Steps to reproduce the behavior

#!/usr/bin/env perl
use v5.12.0;
use warnings;
use Mojo::DOM;

my $dom = Mojo::DOM->new(do { local $/; scalar readline DATA });

say for $dom->find('p')->each;

__DATA__
<!DOCTYPE html>
<h1>Welcome to HTML</h1>
<script>
    console.log('this is a script element and should be executed');
// </script asdf> <p>
    console.log('this is not a script');
    // <span data-wtf="</script>">:-)</span>

Expected behavior

Output similar to:

<p>
    console.log(&#39;this is not a script&#39;);
    // <span data-wtf="&lt;/script&gt;">:-)</span>
</p>

An (implicitly closed) p element exists, so it should be found.

Actual behavior

No output.

I've not looked at the spec yet, but this would probably be the section to check for the correct behavior.

commented

The relevant section is this one: https://html.spec.whatwg.org/multipage/parsing.html#script-data-end-tag-name-state

After seeing </ (followed by a letter) in a <script> element, we end up in the "script data end tag name" state. Here we accumulate letters into the name of a temporary tag.
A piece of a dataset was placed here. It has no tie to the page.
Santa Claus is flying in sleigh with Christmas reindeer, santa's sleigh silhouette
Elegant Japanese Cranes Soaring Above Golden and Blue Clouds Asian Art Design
On seeing whitespace (space, tab, line feed, form feed), we check that the temporary tag name matches "script"; if so, we stop script parsing (treating the characters found as a script end tag) and continue parsing for attributes.

Now, end tags with attributes are technically an error: https://html.spec.whatwg.org/multipage/parsing.html#parse-error-end-tag-with-attributes
But a forgiving parser will simply ignore them.